§ Task instructions: Give back the full listing verbatim, apart from its images.

§ Dataset extract:
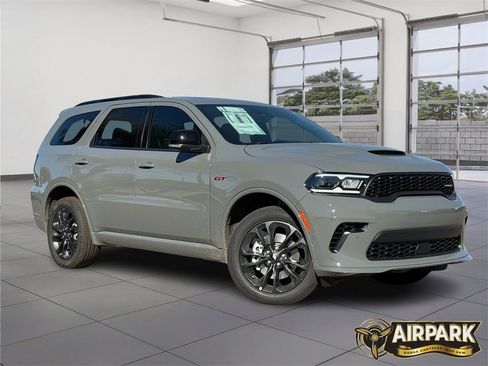 New 2026 Dodge Durango GT image 2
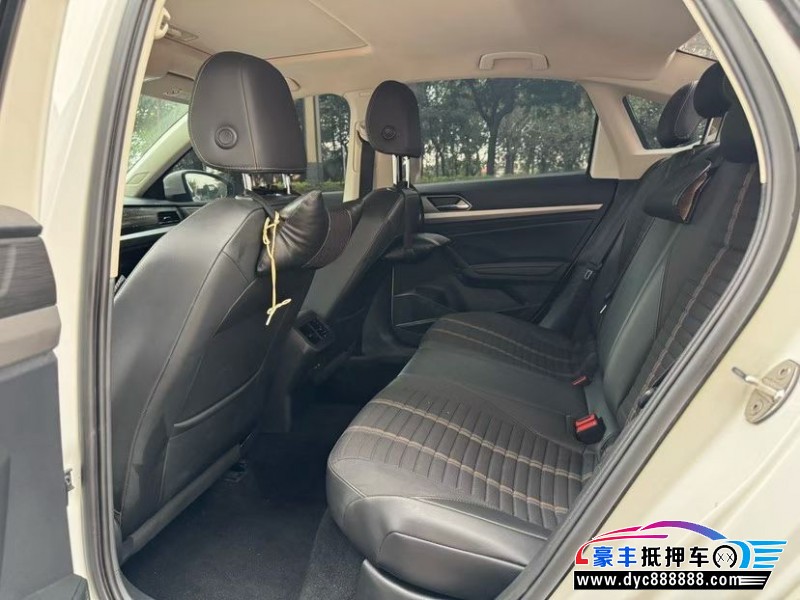 20年大众朗逸轿车抵押车出售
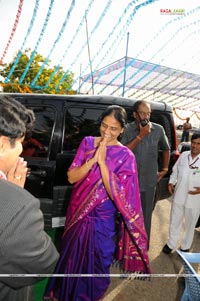 Dharmavarapu Subrahmanyam-Aarti Agarwal-Farah Khan Film Muhurat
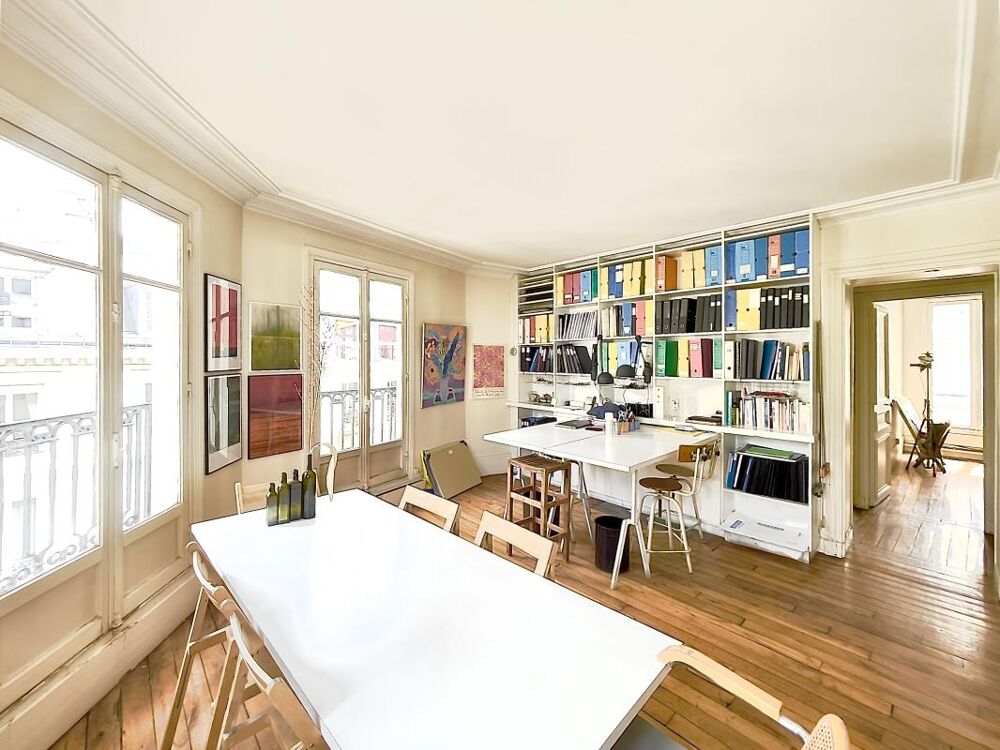   Bureau Paris 4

§ Response to the exercise:
 New 2026 Dodge Durango GT image 2
 20年大众朗逸轿车抵押车出售
 Dharmavarapu Subrahmanyam-Aarti Agarwal-Farah Khan Film Muhurat
   Bureau Paris 4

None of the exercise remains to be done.